Everything of him. Everything she noticed. It consumed her thoughts, her actions, and desires. (How she would lay in bed at night, pretending her hands were his and taking out false pleasure to try to stifle any form of passion or need that arose from those noted facts)
 
The disease could not kill her.
 
Rather she lived off it.
 
Survived off of it.
 
It was what kept her well. Made her sick. Took her pride, made her kill off her dignity towards only him.
 
Curling around her being like sharp claws, ready to pierce into the body she had been all too willing to give up if she could just be with him. Him, her sole purpose, her every thing. Her ideal, that boy. Her good year (bad year).
 
That boy. (with his beauty and grace she understood why the snake wanted it. Wanted its possession. She would beat him to it. She saw it first…)
 
She would seek him out. As he had done to that snake. (White snake. Disgusting as the dormant beast. Worse. Not worse. As the sick spreading within her, a fire the boy was only able to make. It rode it flared, that lethal flame throughout her in the very marrow of her bones.)
 
And she would find him. Have him at last.
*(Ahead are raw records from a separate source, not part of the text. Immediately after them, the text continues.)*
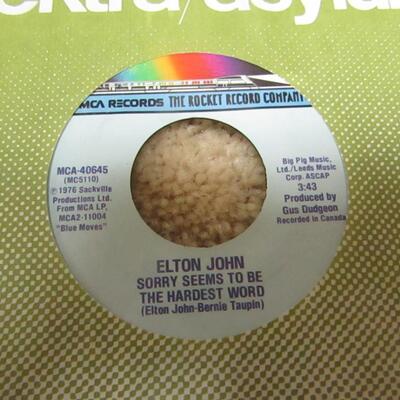 LOT 46  VINYL 45's RECORDS INCLUDING ELTON JOHN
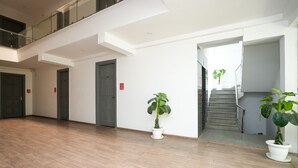 A spacious indoor area with a wooden floor, a staircase, and potted plants. - Hotel Royal Galaxy (Gurugram)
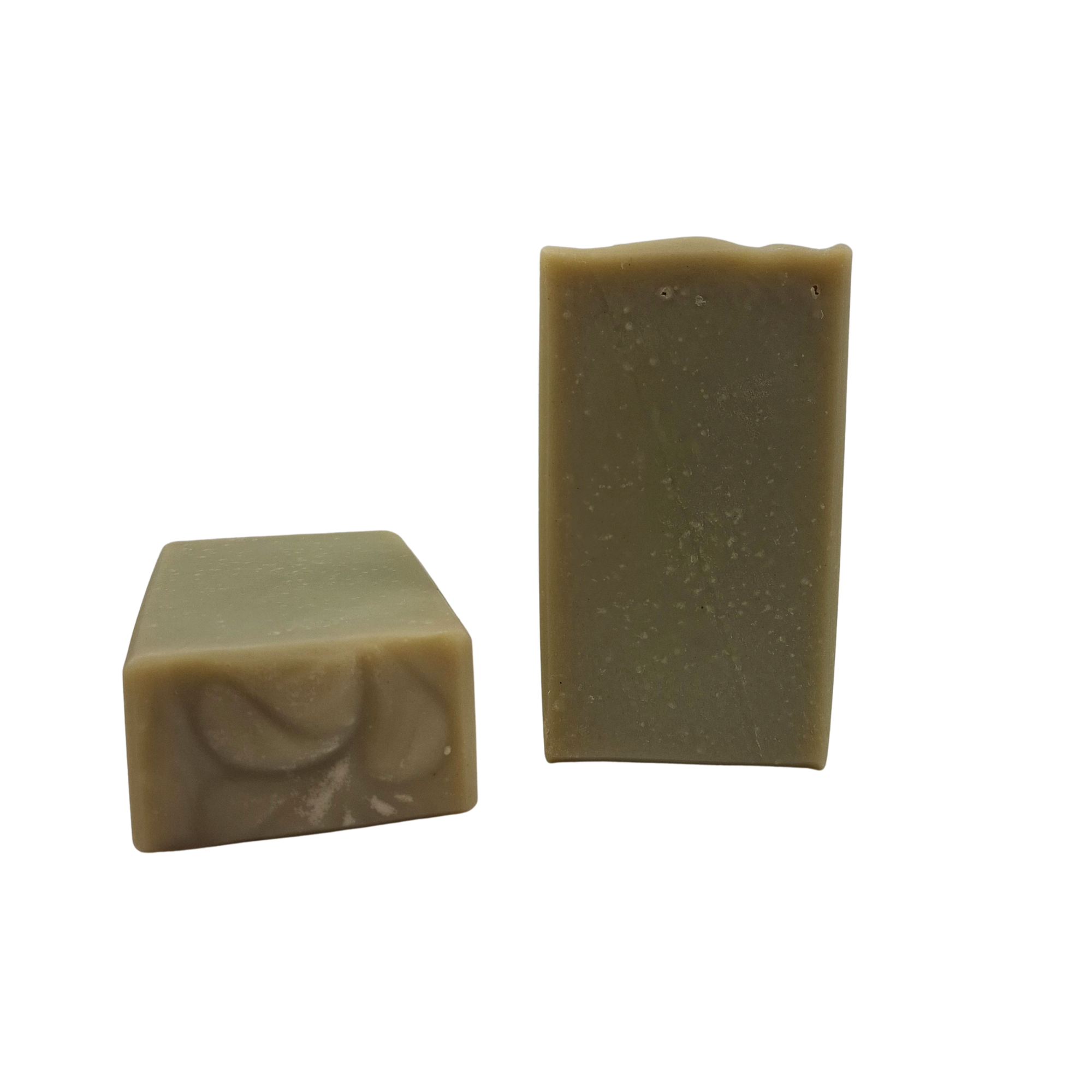Two unwrapped bars of Northwest Soap and Candle company's Rosemary Mint Twist Natural Soap. Green in color.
For now/later she would be different. The illness was changing her. Creating a setting for her perfect metamorphous (she would have him even on floor as long as it was he who was flush up against her), in a day a time (that moment she would be able to kiss him at last, have her hands on him and reverse) where every ounce of it should be set in hues of red and white (her mouth on his body, taking him in some blood some cum) and she would be deaf and he would speak (in gasps and moans, he would beg for her, want her, and she would listen only to what she wanted) and it would not be perfect (it would be perfect, he is perfection).
 
And he is her purpose. Her illness. It wouldn't be until he was hers, (was not hers) would she die.
 
But she swore it wouldn't be the illness that killed her.